When told the government is working on a plan that would quadruple available electricity, Abayomi and David, both young Nigerian men, laugh. “I’m just keeping my fingers crossed you know, I’m just waiting," said Abayomi. “We are hoping it will come to a reality. We are hoping it will come to a reality, but you say, four times better than now? We hope so," David added. "We pray so.”
The chairman of the Nigerian Electricity Regulatory Committee, Sam Amadi, says energy development has been neglected for decades but that is about to change.
He says Nigeria currently has an installed capacity of 3,800 megawatts, but almost a fourth of that energy often gets lost because of dilapidated transmission lines. Amadi says in the next three or four years the government plans to privatize the industry, opening the door for both foreign and local businesses to thrive.
"Given Nigeria’s level of industrialization, Nigeria would need at least about 22 to 25,000 megawatts to sustain a middle level industrial operation as well as homes, Amadi explained. "So the demand-supply gap is huge."
Amadi says 50 private companies have already been licensed to produce power, and the government is currently courting new investors.
The director general of the Energy Commission of Nigeria, Abubakar Sani Sambo, says if the privatization plan works, Nigeria’s reputation for under-development could soon become a thing of the past.
"The entire country will improve right from the industry sector, to the household sector to the services sector," Sambo stated.
Sambo says the process may move slower than planned because investors are being scared off by the continuing bombings and kidnappings in Nigeria. Security threats, he adds, are partially due to the lack of electricity that cripples the economy and leaves many young men out of work.
Member of parliament Yakubu Umaru Barde says the government needs to provide for all current electricity sector employees before privatization can possibly work. He says many employees at the national power company were hired for political reasons, and as many as 40 percent may lose their jobs.
“What’s happening today is that there are saboteurs even within the power-holding company. They don’t want to privatize," Barde said. "And I think it’s not good for us. But the government can address that.”

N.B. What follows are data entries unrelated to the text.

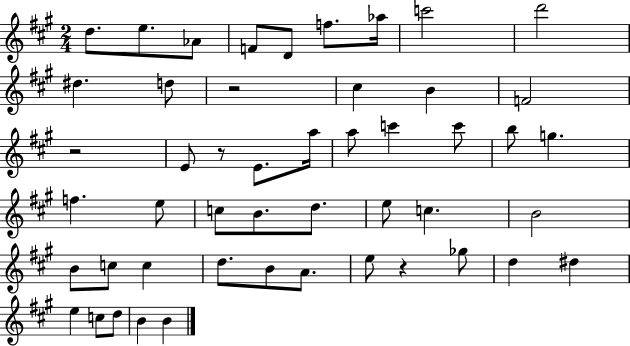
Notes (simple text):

D5/e. E5/e. Ab4/e F4/e D4/e F5/e. Ab5/s C6/h D6/h D#5/q. D5/e R/h C#5/q B4/q F4/h R/h E4/e R/e E4/e. A5/s A5/e C6/q C6/e B5/e G5/q. F5/q. E5/e C5/e B4/e. D5/e. E5/e C5/q. B4/h B4/e C5/e C5/q D5/e. B4/e A4/e. E5/e R/q Gb5/e D5/q D#5/q E5/q C5/e D5/e B4/q B4/q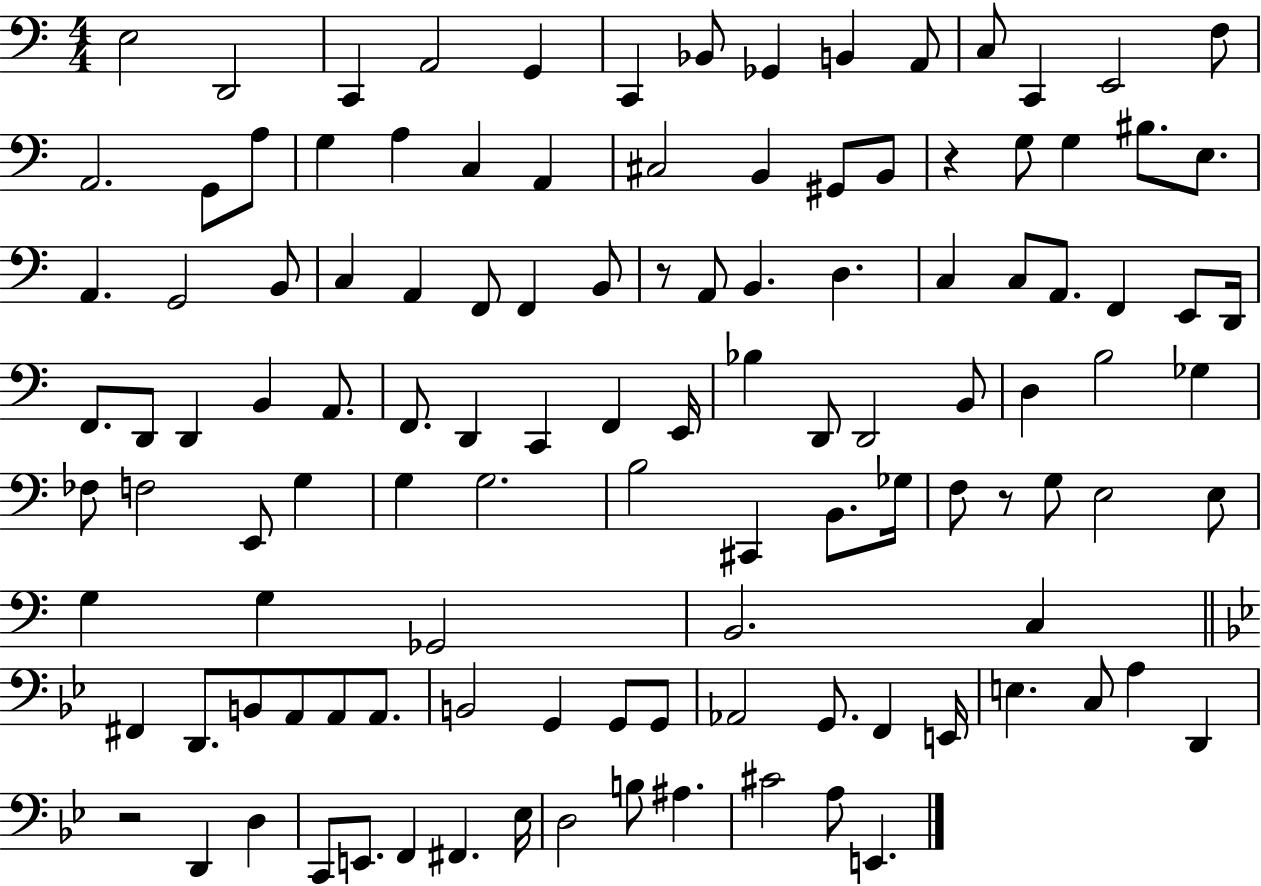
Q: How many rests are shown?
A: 4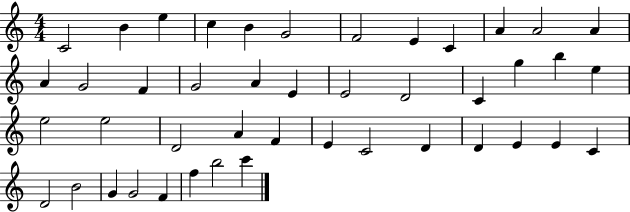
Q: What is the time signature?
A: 4/4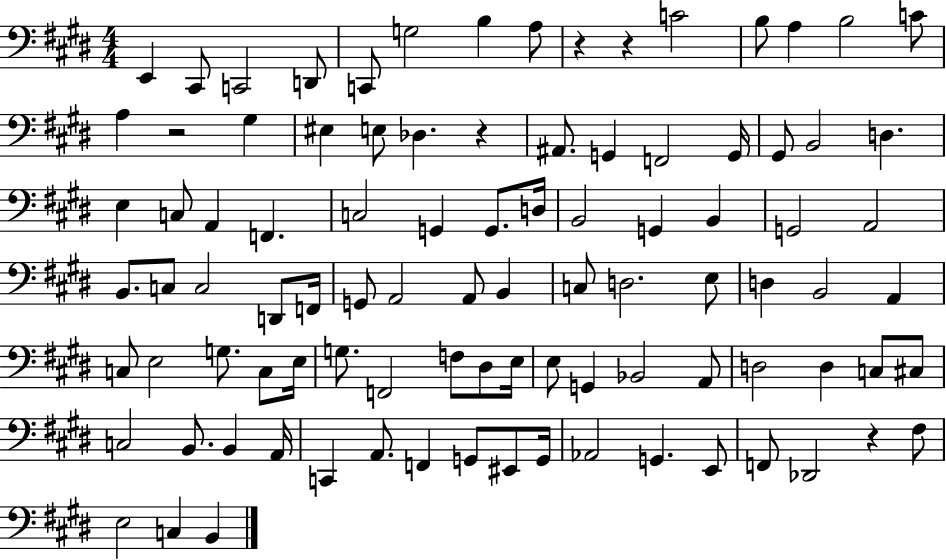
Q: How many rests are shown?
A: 5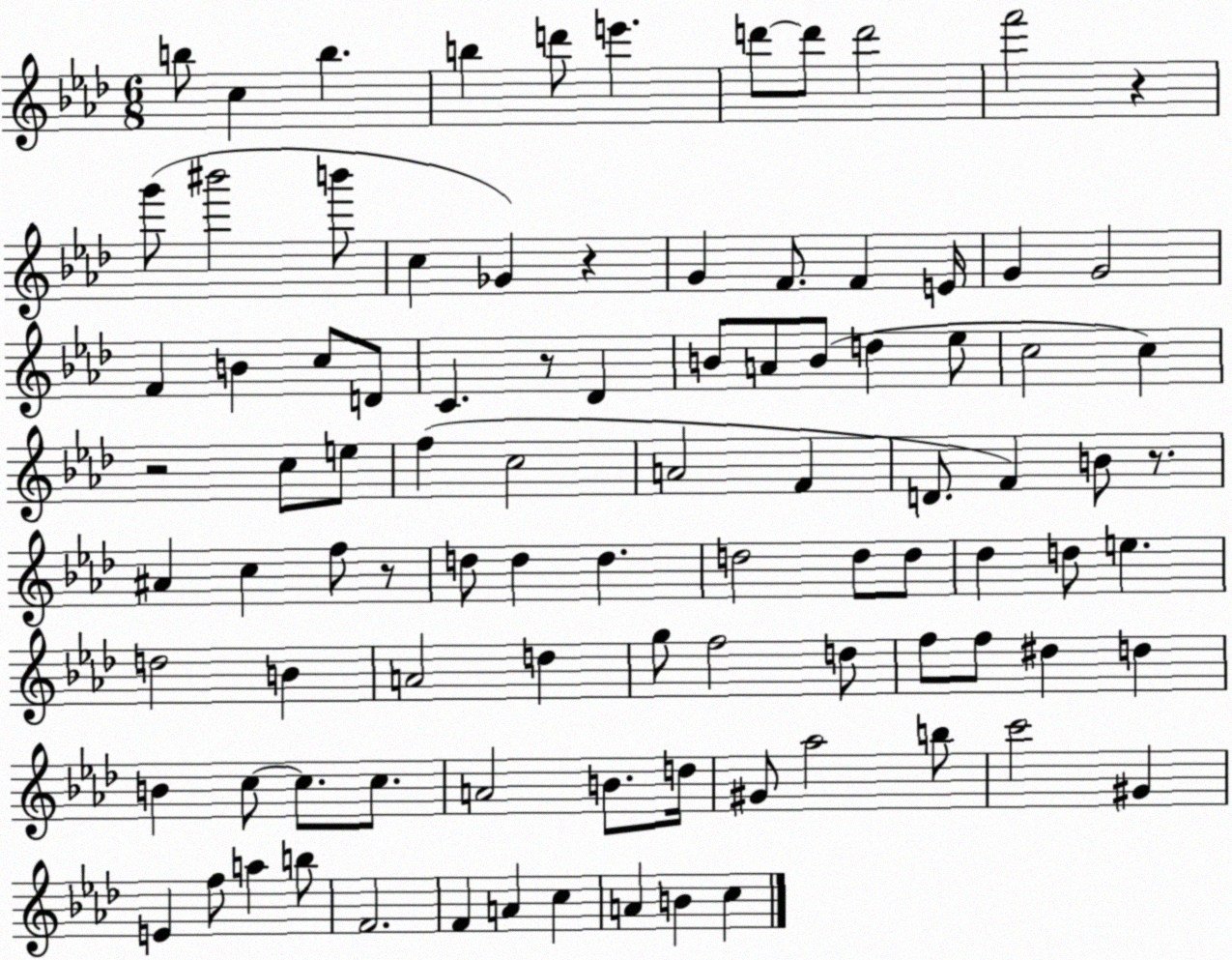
X:1
T:Untitled
M:6/8
L:1/4
K:Ab
b/2 c b b d'/2 e' d'/2 d'/2 d'2 f'2 z g'/2 ^b'2 b'/2 c _G z G F/2 F E/4 G G2 F B c/2 D/2 C z/2 _D B/2 A/2 B/2 d _e/2 c2 c z2 c/2 e/2 f c2 A2 F D/2 F B/2 z/2 ^A c f/2 z/2 d/2 d d d2 d/2 d/2 _d d/2 e d2 B A2 d g/2 f2 d/2 f/2 f/2 ^d d B c/2 c/2 c/2 A2 B/2 d/4 ^G/2 _a2 b/2 c'2 ^G E f/2 a b/2 F2 F A c A B c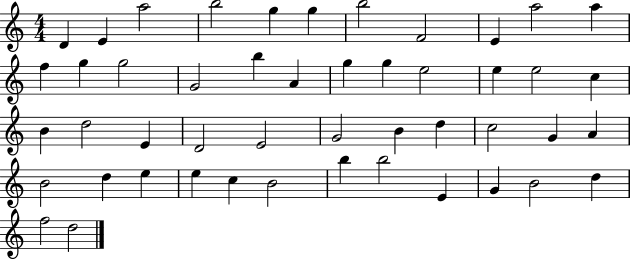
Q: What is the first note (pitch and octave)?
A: D4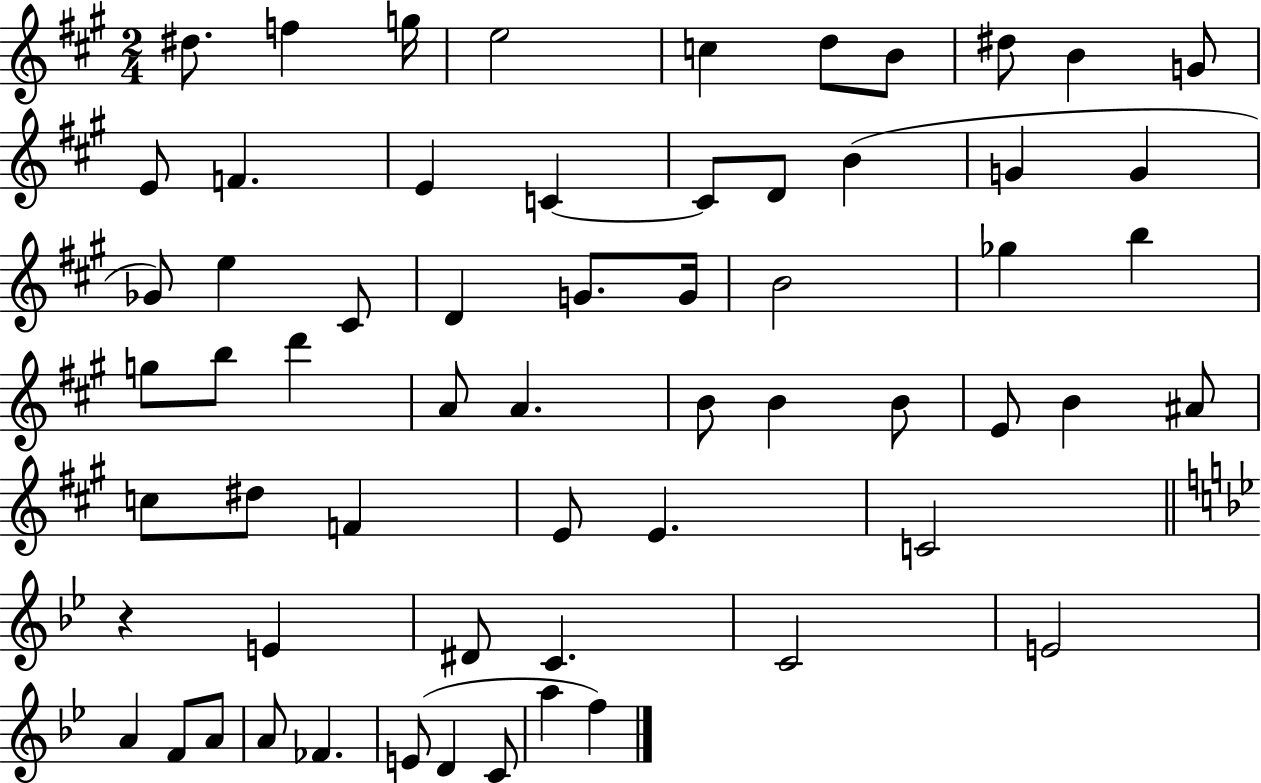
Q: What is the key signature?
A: A major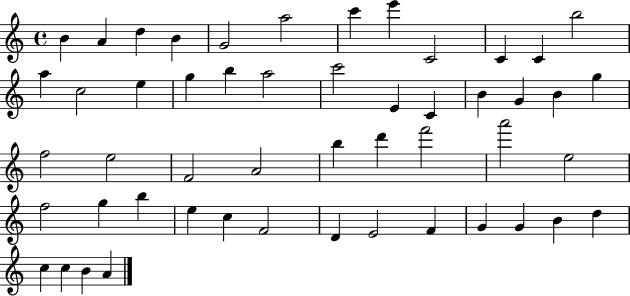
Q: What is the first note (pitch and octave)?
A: B4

Barde says if fired power-sector employees could be guaranteed compensation and pensions, the transition to private energy companies could be successful in the long run. But, he says, sacrifices will have to be made along the way.
Critics say even cautious optimism is unrealistic when it comes to power in Nigeria. Shehu Sani, president of the Civil Rights Congress, says President Goodluck Jonathan’s current electricity plan, which includes a recent $10 billion deal with General Electric, will adds to the billions of dollars Nigeria has spent on improving electrical output since it transitioned to civilian rule in 1999. He says most of the money in the past was lost to corruption.
"In most cases most of the money that is allocated for electricity ends up in private pockets," Sani noted. "It ends up with companies set up by people in government for their own personal benefit."
Sani says back in 1999, Nigeria ran on 3,000 megawatts as ambitious new energy plans were announced. Since then, he says, there has not been significant expansion.